Guna melebarkan sayap bisnisnya di bidang properti, ia pun melirik Aceh. Langkah ini tentu saja menggoyahkan stigma Aceh sebagai kawasan investasi yang tidak aman dan rawan konflik. Memang sempat muncul pertanyaan sinis, “Apa tidak ada tempat investasi lain?” Namun, Hermes tetap berpegang teguh pada keyakinannya sendiri, “Kalau saya bangun hotel di tempat lain, saya bisa dibilang orang bodoh. Untuk apa saya bersaing di hutan belantara yang memang sudah padat kalau istilahnya “seperti anjing berebutan tulang”. Tapi sekarang konflik horizontal sudah mulai tidak ada. Saat ini sangat luar biasa berinvestasi di sana.”
Dengan mantap dan optimistis, ia pun membangun Swiss Bell Hotel. Hotel jaringan internasional asal Eropa, ini ibarat mainan baru bagi Hermes. Yang unik, tempat penginapan yang menyediakan 159 kamar yang dikelola Hermes juga direncanakan memiliki fasilitas sekolah pariwisata. “Saya pikir tadinya mau buat yang kecil-kecil saja. Dalam perjalanan banyak masukan-masukan,” katanya, prihal bisnis propertinya ini.
Naluri bisnis Hermes tak berhenti sampai di sini. Kawasan agrobisnis “Sentul Paradiso” yang berlokasi di Desa Cijayanti, Sentul Selatan, makin menguatkan eksistensi Hermes sebagai pengusaha properti yang patut diperhitungkan. Seperti saat berbicara tentang industri ponsel dengan nada berapi-api, ia pun dengan penuh semangat bercerita tentang rencana bisnisnya ini.
Ia menyebut kawasan agrobisnis ini sebagai resort yang terintegrasi. Ia berencana kawasan ini tak hanya menyediakan fasilitas resort, tapi juga ada perkebunan coklat. Hermes mengakui, ide ini muncul setelah ia melihat-lihat satu perkampungan dari Niss (Perancis) ke Montecarlo. Di tengah jalanan yang berliku, terdapat sebuah pabrik parfum (concentrate-nya) yang menyuguhkan pengalaman baru tentang proses pembuatan parfum, dari berupa batangan pohon sampai jadi parfum.

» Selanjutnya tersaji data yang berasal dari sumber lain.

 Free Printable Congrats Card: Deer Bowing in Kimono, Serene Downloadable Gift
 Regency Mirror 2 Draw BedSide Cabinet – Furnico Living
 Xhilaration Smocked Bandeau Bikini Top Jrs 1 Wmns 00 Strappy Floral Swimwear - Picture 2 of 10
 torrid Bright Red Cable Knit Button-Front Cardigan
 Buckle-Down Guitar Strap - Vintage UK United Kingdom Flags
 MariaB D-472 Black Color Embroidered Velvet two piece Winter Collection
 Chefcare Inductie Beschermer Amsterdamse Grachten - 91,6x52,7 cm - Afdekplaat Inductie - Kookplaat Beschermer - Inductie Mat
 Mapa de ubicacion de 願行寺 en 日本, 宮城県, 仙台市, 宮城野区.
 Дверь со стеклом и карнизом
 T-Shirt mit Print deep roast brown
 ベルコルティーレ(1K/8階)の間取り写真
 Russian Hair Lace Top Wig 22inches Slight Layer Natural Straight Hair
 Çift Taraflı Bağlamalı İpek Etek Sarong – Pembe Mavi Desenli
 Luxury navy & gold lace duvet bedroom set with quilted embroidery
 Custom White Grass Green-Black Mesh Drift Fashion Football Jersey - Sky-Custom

Kebun coklat dipilih Hermes, karena coklat digemari orang dari berbagai lapisan, dari anak kecil sampai tua. Sayangnya, mayoritas orang tidak tahu, pohon cokelat, bentuk biji, proses pembuatan itu bentuknya seperti apa. Inilah yang merangsang instink bisnis Hermes, untuk menjadikan kawasan ini sebagai resort terpadu. Kawasan ini dimaksudkan sebagai tempat pembelajaran keluarga di akhir pekan, lengkap dengan tempat penginapannya.
Di lahan seluas 13 hektar ini tadinya direncanakan akan dibangun perumahan ini, Hermes mendadar mimpinya yang baru. “Saya punya mini plan mengenai process chocolate plann-nya. Itu nantinya ada mini plan, ada mixer, ada wholeemile sampai ke depositor sampai jadi, ada proses produksinya seperti pabrik cokelat mini,” katanya sambil menunjukkan gambar yang dimaksud.
Obsesi mengembangkan kawasan agrobisnis ini tampaknya berawal dari hobinya berkebun. Lihat saja pekarangan rumahnya yang seluas 6500 meter di daerah Cilandak, Jakarta Selatan. Tempat tinggal eksekutif yang biasa bangun jam 05.30 WIB ini terlihat sangat asri dengan 15 pohon Rambutan, 15 pohon Mangga, 12 pohon Kelapa, pohon Alpukat, pohon Duren, dua pohon Sawo, dua pohon Belimbing, Jeruk Bali.